Write the data out again, character for character, with no images.
::: Collected material
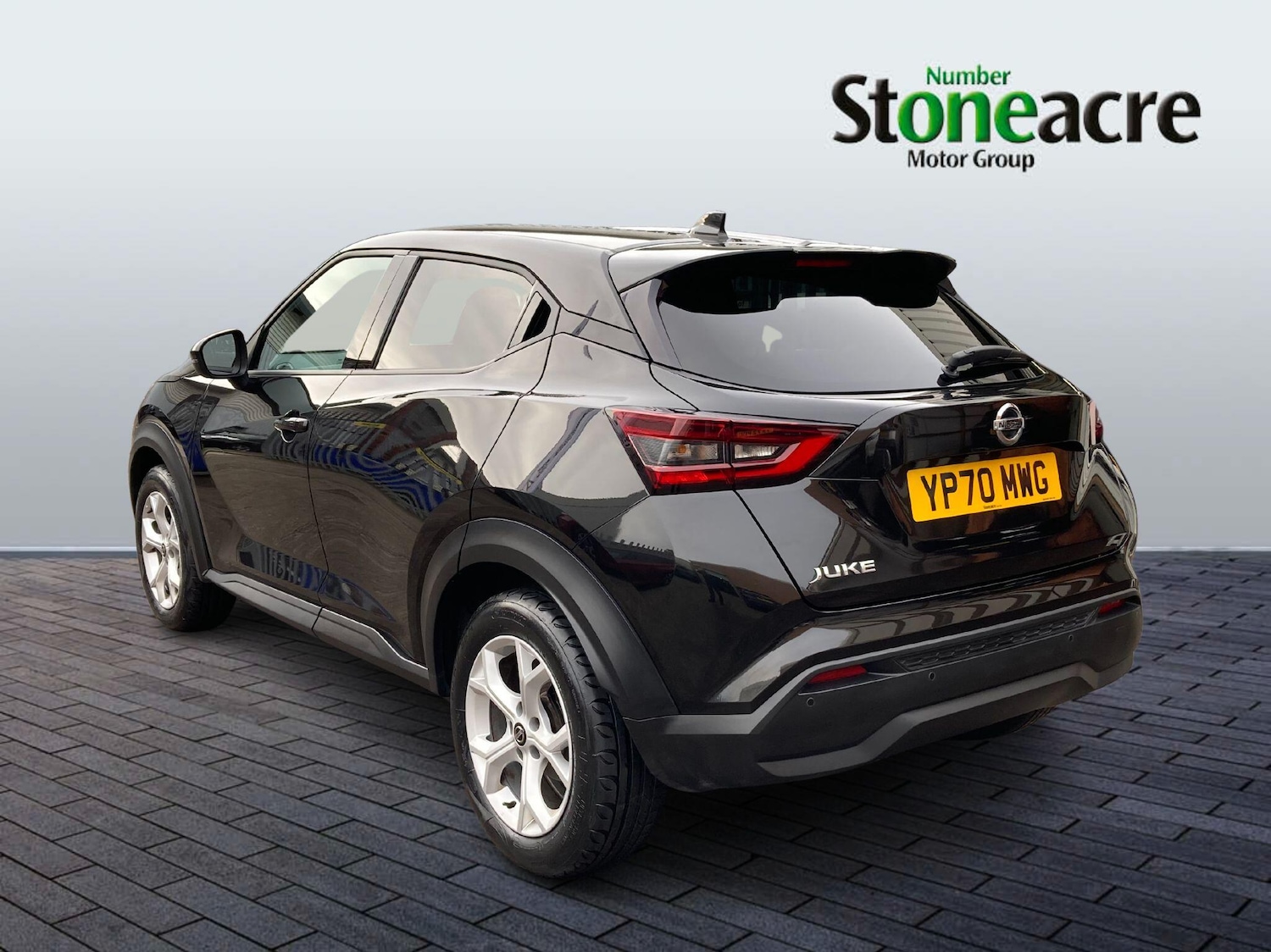 Used Nissan Juke 2020 for sale - 76512555: Photo 4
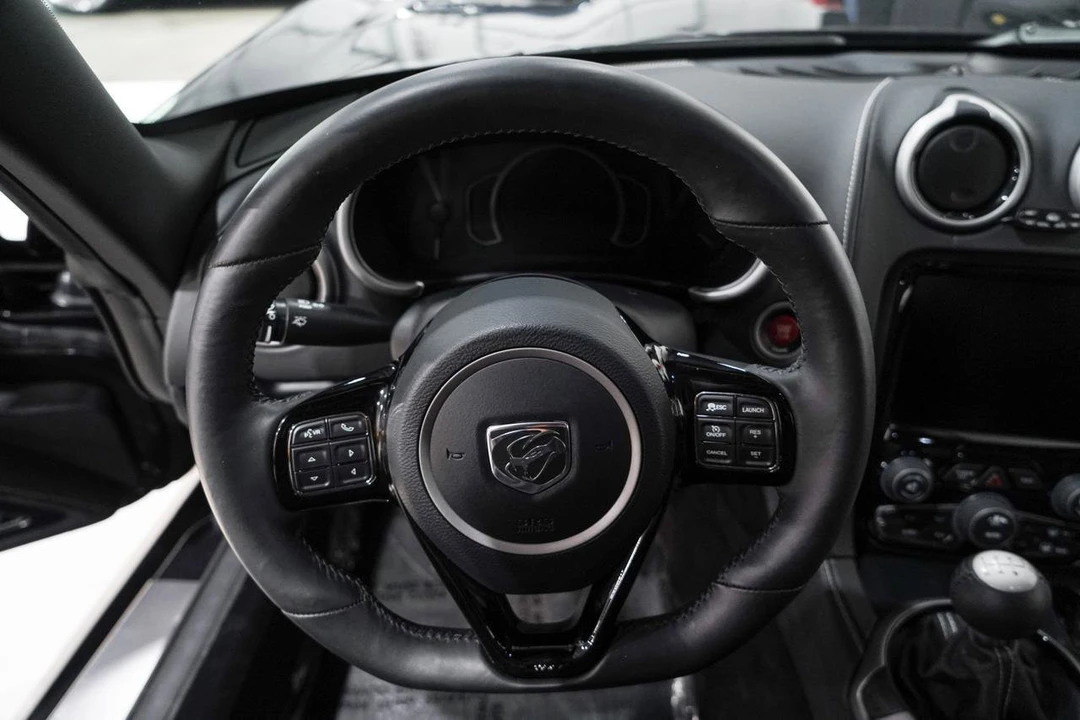 2015 Dodge Viper 5th Gen - Image 10 of 31
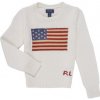 Polo Ralph Lauren American Swt-tops-sweater béžová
::::::
» Reply to the exercise
 Used Nissan Juke 2020 for sale - 76512555: Photo 4
 2015 Dodge Viper 5th Gen - Image 10 of 31
 Polo Ralph Lauren American Swt-tops-sweater béžová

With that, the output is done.